Here we discovered that most of the fusions display transcript variants (ca. 60%, 8/13), which is more than previously anticipated (,
S3,
S4,
Table S3). Before just a handful of breast cancer fusion genes were reported to be alternatively spliced by us
[19] and three additional studies
[16]–
[18]. Furthermore, here we observed transcript level retention of intronic sequences in the gene fusions (e.g.
MED1-STXBP4,
STX16-RAE1, ), adding yet another level of complexity to the fusion gene structure. As most fusion break points occur in introns, the transcriptional machinery is forced to switch to another exon or alternatively to acquire a new acceptor splice site in the intron where the breakage and fusion happen, in order to produce an
in-frame transcript variant. Indeed, intron retention in some of the transcript variants would indicate that this does not always occur. Whether all the fusion transcript variants produce
in-frame protein products with potentially distinct functional domains remains to be elucidated.

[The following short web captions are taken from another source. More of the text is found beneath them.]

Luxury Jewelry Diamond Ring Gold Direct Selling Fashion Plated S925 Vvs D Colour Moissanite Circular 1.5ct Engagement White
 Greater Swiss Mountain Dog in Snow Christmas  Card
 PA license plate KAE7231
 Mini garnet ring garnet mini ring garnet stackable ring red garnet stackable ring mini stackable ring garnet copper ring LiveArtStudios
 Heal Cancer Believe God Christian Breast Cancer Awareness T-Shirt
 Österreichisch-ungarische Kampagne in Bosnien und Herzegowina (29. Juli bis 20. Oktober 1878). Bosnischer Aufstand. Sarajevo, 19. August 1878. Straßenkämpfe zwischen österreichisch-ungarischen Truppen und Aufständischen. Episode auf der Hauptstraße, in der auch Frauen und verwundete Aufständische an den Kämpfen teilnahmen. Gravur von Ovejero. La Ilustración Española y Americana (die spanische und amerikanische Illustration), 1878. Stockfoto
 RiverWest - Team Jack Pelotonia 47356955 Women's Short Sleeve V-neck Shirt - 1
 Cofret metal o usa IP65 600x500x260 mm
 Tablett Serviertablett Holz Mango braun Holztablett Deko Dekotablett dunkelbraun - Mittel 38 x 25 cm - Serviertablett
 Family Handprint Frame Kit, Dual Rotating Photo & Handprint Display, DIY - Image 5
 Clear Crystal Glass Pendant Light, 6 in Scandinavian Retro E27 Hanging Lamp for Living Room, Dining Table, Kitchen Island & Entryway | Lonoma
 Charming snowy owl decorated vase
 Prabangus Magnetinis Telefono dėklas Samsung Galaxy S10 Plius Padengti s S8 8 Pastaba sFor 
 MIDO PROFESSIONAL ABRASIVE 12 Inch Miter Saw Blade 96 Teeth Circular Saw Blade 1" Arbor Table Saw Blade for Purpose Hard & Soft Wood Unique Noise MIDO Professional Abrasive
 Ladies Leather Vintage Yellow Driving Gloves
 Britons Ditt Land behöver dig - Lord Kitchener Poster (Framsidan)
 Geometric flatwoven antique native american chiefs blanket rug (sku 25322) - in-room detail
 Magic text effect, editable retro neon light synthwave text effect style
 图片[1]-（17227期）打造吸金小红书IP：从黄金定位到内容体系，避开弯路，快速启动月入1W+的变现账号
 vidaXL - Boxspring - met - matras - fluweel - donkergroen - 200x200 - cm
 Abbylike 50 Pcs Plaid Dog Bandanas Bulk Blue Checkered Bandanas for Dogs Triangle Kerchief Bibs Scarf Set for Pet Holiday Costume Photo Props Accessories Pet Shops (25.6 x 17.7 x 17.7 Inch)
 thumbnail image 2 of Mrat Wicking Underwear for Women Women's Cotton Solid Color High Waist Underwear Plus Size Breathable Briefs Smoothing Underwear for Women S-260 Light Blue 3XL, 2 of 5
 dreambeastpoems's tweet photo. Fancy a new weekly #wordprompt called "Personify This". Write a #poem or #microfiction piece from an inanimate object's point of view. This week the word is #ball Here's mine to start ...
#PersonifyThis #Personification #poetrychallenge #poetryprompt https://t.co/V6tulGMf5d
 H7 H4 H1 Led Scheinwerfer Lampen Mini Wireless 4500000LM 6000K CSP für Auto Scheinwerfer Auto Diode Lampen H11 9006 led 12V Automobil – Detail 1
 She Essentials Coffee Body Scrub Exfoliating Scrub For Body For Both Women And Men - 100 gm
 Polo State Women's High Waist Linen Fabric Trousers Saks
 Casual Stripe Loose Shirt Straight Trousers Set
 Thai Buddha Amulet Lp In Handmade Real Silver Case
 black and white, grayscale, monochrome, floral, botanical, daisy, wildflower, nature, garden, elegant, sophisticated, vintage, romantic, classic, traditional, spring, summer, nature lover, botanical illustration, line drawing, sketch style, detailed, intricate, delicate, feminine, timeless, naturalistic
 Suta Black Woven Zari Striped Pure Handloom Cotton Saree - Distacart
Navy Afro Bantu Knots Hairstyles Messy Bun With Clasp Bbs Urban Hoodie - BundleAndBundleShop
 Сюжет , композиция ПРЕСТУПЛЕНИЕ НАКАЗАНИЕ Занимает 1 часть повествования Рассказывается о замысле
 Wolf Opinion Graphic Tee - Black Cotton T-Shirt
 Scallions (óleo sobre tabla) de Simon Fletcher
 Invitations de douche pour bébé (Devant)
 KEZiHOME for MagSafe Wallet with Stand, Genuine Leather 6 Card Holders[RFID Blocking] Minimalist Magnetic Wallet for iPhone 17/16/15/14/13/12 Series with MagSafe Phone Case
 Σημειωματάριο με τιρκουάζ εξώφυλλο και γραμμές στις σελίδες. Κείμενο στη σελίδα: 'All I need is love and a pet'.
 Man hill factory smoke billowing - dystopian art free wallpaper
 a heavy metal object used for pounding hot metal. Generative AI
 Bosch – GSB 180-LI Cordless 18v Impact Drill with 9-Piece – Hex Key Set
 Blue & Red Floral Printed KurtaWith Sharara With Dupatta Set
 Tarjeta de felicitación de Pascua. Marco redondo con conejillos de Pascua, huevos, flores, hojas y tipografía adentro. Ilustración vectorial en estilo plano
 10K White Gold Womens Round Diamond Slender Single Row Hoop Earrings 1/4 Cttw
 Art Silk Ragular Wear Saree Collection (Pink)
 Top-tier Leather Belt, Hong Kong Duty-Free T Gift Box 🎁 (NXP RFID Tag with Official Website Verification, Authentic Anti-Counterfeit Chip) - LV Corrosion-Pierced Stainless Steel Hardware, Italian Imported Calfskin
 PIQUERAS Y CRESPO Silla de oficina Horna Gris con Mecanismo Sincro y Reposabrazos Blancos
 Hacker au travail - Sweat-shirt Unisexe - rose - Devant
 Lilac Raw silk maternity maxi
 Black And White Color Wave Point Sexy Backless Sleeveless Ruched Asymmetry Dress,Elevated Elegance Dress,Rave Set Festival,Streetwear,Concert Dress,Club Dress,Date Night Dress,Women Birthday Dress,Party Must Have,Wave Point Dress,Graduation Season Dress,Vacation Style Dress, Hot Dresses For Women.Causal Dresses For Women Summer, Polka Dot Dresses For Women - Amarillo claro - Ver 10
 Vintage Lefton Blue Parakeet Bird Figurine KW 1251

In conclusion, in recent years the rapid progress in next generation sequencing technologies has led to the concordant development of bioinformatic approaches for mining the raw sequencing data. We and others have exploited RNA-seq for the discovery of fusion genes
[13]–
[15],
[18],
[19],
[34],
[35]. Here, we demonstrated the need for review and development of bioinformatic fusion gene pipelines and by doing so, discovered and experimentally validated several breast cancer fusion genes. This emphasizes the importance of continuous re-evaluation of the bioinformatic methods to predict fusion genes. Furthermore, our data revealed that many of the fusion genes are expressed in several transcript isoforms, highlighting a previously unanticipated level of complexity in the fusion gene build-up. Even if the majority of fusion genes discovered in solid tumors are present at very low frequency or are private events, they may still contribute to the etiology and progression of the individual tumors. The roles of the individual fusion isoforms in these processes remain to be determined.